The problem concerns an arithmetic progression (A.P.) with its sixth term \(a_6 = 2\). The objective is to determine the common difference \(d\) that maximizes the product of three terms: \(a_1 \times a_4 \times a_5\).
The problem is analyzed as follows:
The formula for the nth term of an arithmetic progression is: \(a_n = a_1 + (n-1) \cdot d\).
Consequently, the sixth term \(a_6\) can be expressed as: \(a_6 = a_1 + 5d = 2\).
From this equation, we derive: \(a_1 = 2 - 5d\).
The terms are then:
\(a_1 = 2 - 5d\),
\(a_4 = a_1 + 3d = (2 - 5d) + 3d = 2 - 2d\),
\(a_5 = a_1 + 4d = (2 - 5d) + 4d = 2 - d\).

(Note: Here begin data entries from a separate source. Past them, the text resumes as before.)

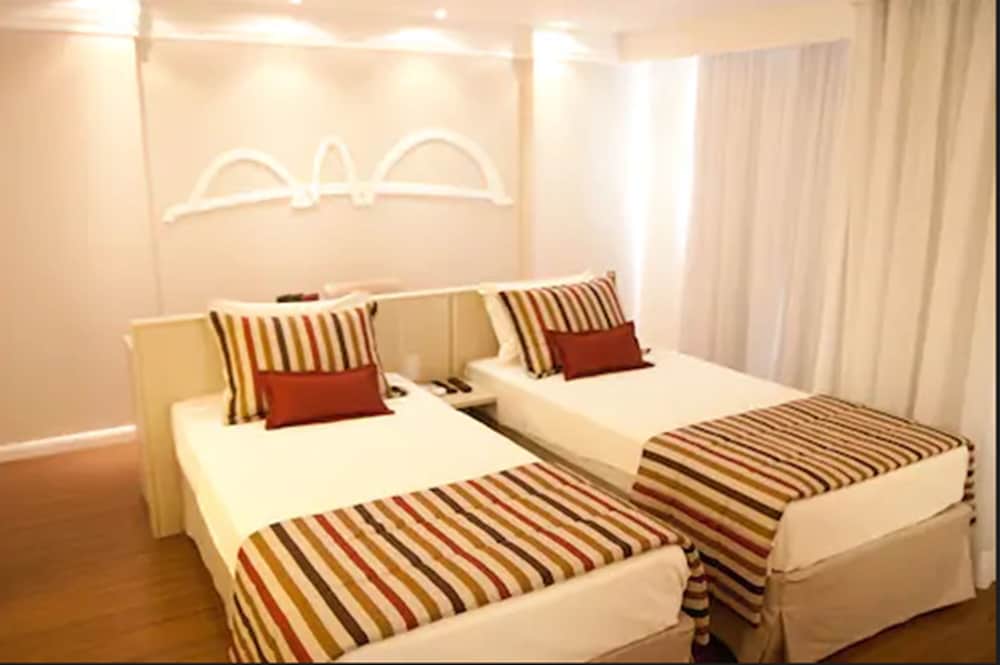 Mercure Brasilia Lider Hotel 11/67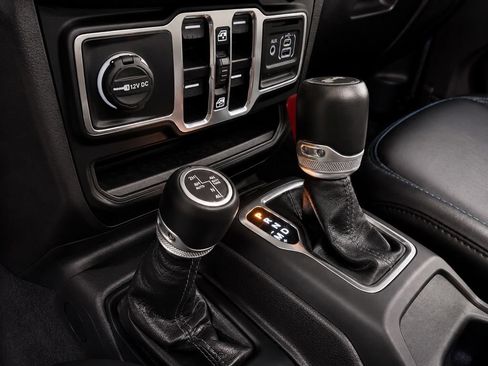 Used 2024 Jeep Wrangler High Altitude AWD/4WD image 18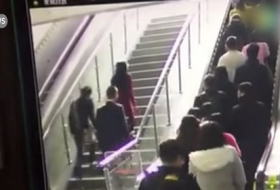 Un escalator provoque une gigantesque chute en Chine VIDÉO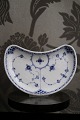 Royal Copenhagen Blue Fluted Half Lace half-moon shaped dish.
RC#1/560...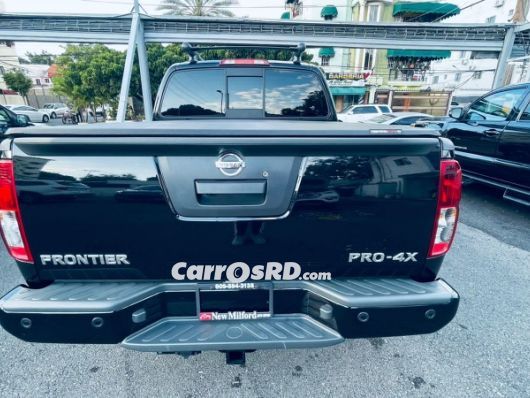 Nissan Frontier Camioneta en venta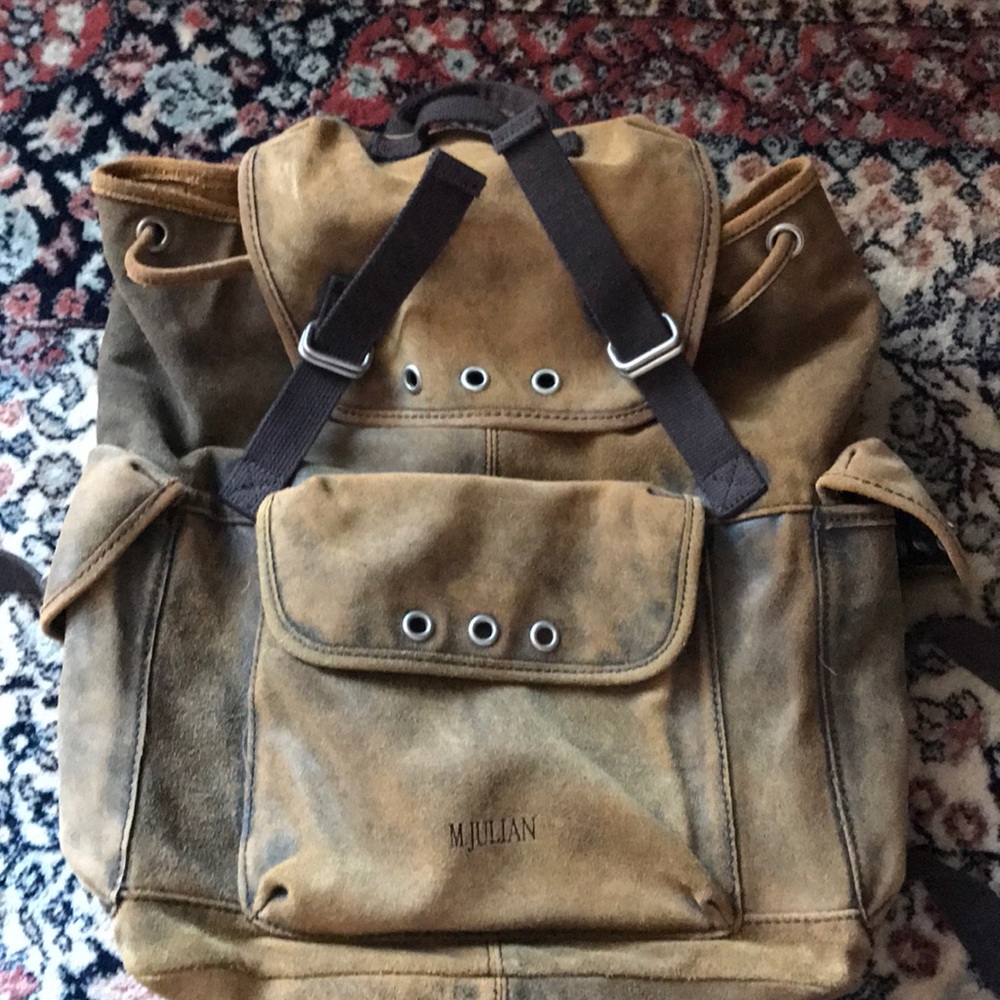 Wilson’s distressed leather full sized backpack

The product \(a_1 \times a_4 \times a_5\) is: \((2 - 5d)(2 - 2d)(2 - d)\).
Maximizing this product involves analyzing the roots of these linear expressions. The maximum is likely to occur when the terms are equalized. We seek the value of \(d\) that makes two of the factors equal.
Through optimization techniques, it is determined that setting \(d = \frac{8}{5}\) equalizes terms and maximizes the product due to symmetry. Thus, the common difference \(d\) is \(\frac{8}{5}\).